Jennifer also reminded us that in denying that he was attempting to proselytize his atheist interlocutor, Francis was writing—for global publication—the best possible set of instructions for enabling that encounter. Think of the Atheist-Christian exchanges in the public forum, even here on Patheos. There is, in Francis’s conversation with Scalfari, not a trace of the barbed defensiveness, the intellectual smugness, the dismissiveness, the bile we on both sides so often fall into. There are simply two men talking, laughing, about what means most to them, what they have in common, what they respect in each other, where they are unwilling to compromise but not to listen. No solemn nonsense here, folks. But lots and lots and lots of evangelization in action.

And here’s something I tracked down that may shed light on the key parsing of those words, proselytism and evangelization. It seems that Orthodox Christianity, with which Pope Francis is enamored in a deeply fraternal way, makes a very clear distinction. Here’s Orthodox writer Stephen Methodius Hayes, sounding very “Franciscan”:

The difference between evangelism and proselytism is not the same as the difference between centripetal and centrifugal mission, though it can perhaps give a clue to it. . . .

Evangelism, in the English use of the term, means telling or spreading good news. The four gospels of the New Testament tell the good news about Jesus Christ. When we, as Christians, tell others about what God has done in Jesus Christ, we are evangelising.

Proselytism, on the other hand, means “bringing people in”, causing them to change their beliefs, their party, their opinions or their religion. In proselytism there is a strong element of telling people how bad or wrong their present beliefs are. Telling people that their beliefs are wicked or wrong does not appear as “good news ” to them. If we evangelise, we are not saying “Our religion is better than your religion”. We are not setting ourselves up as morally or spiritually superior beings, and trying to get people to leave their religion and join ours so that they can be superior like us. When we evangelise, we say, in effect, that God has done great things. Someone once described evangelism as “One beggar telling another beggar where to get bread.” To a hungry beggar, that is good news. And a beggar telling another beggar such news can hardly boast about it, or claim to be superior because of it.
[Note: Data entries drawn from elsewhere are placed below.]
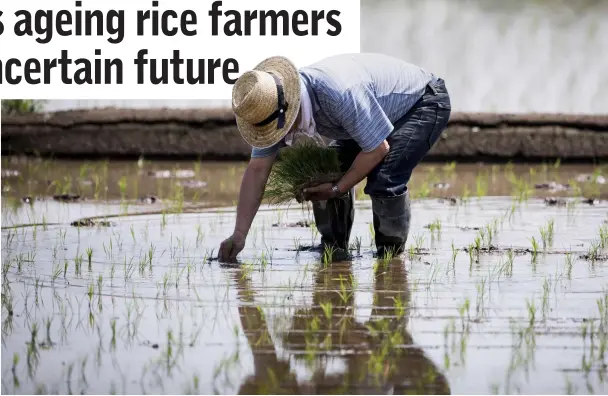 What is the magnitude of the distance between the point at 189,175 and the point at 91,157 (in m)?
1.50

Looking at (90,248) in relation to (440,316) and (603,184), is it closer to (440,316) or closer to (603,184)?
(440,316)

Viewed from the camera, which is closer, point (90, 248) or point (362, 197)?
point (90, 248)

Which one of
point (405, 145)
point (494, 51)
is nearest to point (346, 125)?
point (405, 145)

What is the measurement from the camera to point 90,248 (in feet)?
15.9

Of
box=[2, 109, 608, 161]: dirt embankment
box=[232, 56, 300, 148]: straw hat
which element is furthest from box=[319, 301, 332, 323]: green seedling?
box=[2, 109, 608, 161]: dirt embankment

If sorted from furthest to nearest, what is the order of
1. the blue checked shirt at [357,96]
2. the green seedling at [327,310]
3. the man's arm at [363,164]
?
the man's arm at [363,164], the blue checked shirt at [357,96], the green seedling at [327,310]

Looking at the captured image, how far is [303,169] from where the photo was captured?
15.4 feet

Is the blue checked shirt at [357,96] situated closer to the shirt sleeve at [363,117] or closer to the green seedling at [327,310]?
the shirt sleeve at [363,117]

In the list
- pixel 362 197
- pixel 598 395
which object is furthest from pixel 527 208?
pixel 598 395

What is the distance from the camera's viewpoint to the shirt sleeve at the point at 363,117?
4.24m

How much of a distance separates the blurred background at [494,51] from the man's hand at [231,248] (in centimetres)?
621

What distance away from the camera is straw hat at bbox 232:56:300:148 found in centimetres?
416

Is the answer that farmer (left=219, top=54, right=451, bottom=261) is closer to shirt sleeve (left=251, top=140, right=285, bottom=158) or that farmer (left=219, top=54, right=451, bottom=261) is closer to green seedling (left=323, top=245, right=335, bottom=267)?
shirt sleeve (left=251, top=140, right=285, bottom=158)

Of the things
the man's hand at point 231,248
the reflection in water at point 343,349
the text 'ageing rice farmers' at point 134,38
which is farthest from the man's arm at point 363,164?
the text 'ageing rice farmers' at point 134,38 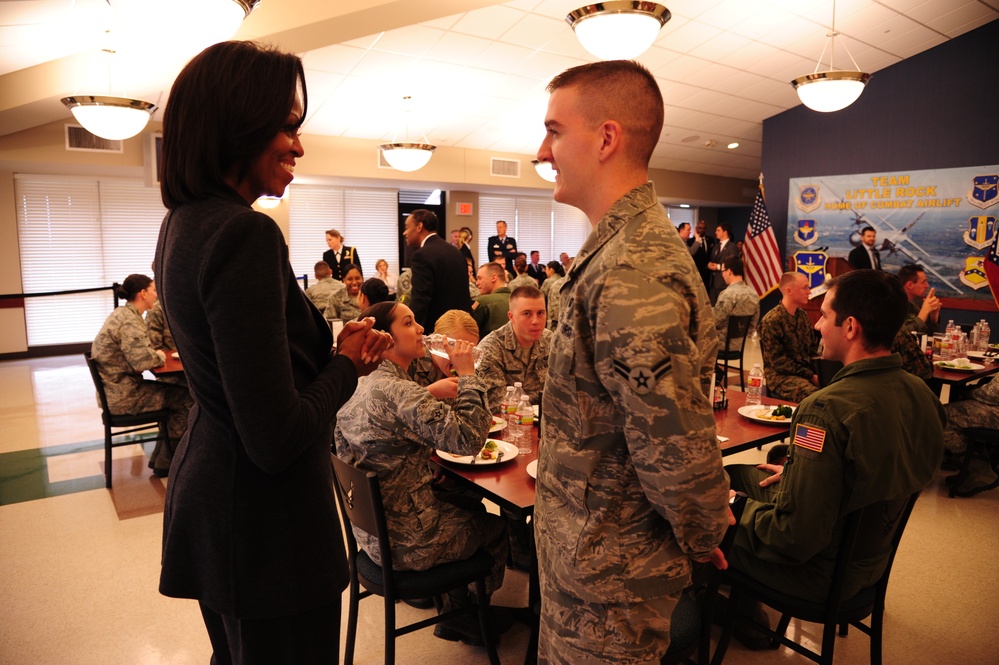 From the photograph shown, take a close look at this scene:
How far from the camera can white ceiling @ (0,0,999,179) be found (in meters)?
4.89

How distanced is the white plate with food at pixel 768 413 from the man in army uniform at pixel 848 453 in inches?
29.8

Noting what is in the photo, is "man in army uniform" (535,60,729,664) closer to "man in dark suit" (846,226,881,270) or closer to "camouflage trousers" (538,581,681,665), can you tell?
"camouflage trousers" (538,581,681,665)

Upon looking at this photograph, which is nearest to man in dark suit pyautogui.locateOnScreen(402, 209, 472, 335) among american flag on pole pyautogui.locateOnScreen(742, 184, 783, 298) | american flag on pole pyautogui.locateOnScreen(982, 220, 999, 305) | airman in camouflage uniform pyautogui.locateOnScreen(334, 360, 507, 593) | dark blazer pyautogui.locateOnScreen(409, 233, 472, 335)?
dark blazer pyautogui.locateOnScreen(409, 233, 472, 335)

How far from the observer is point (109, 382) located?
4512 millimetres

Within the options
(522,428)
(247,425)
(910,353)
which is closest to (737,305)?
(910,353)

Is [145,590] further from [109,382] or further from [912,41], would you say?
[912,41]

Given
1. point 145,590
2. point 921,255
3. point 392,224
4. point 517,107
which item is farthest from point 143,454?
point 921,255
It’s a difference with a distinction, and worth contemplating on this feast of the great missionary patroness St Therese of Lisieux. She dreamed of becoming a proselytizer, making converts in what was then French Indochina, now Vietnam. Yet she ended up doing all her missionary work from a Carmelite cell, dying at 24 of tuberculosis, leaving behind a sheaf of handwritten pages that might just as well have been “I am a beggar, and I have found bread for you!” written a thousand times over. Therese has, it is safe to say, brought more people to a life-changing encounter with Jesus than any door-to-door proselytizer, and she gives Jesus all the credit.

So I understand that gobsmacking and seasickness go on with this pope, but in the back of my head is always the thought of how many gobs Jesus smacked, how many people he made seasick, how many were confused by his words and walked away, how many cried blasphemy. But they all heard, and it was up to each of them to choose. When the Vicar of Christ on earth speaks puzzling words, even if we just overhear them, we can all be forgiven for doing this a little. Then, we must be about the business of bringing beggars like us to bread.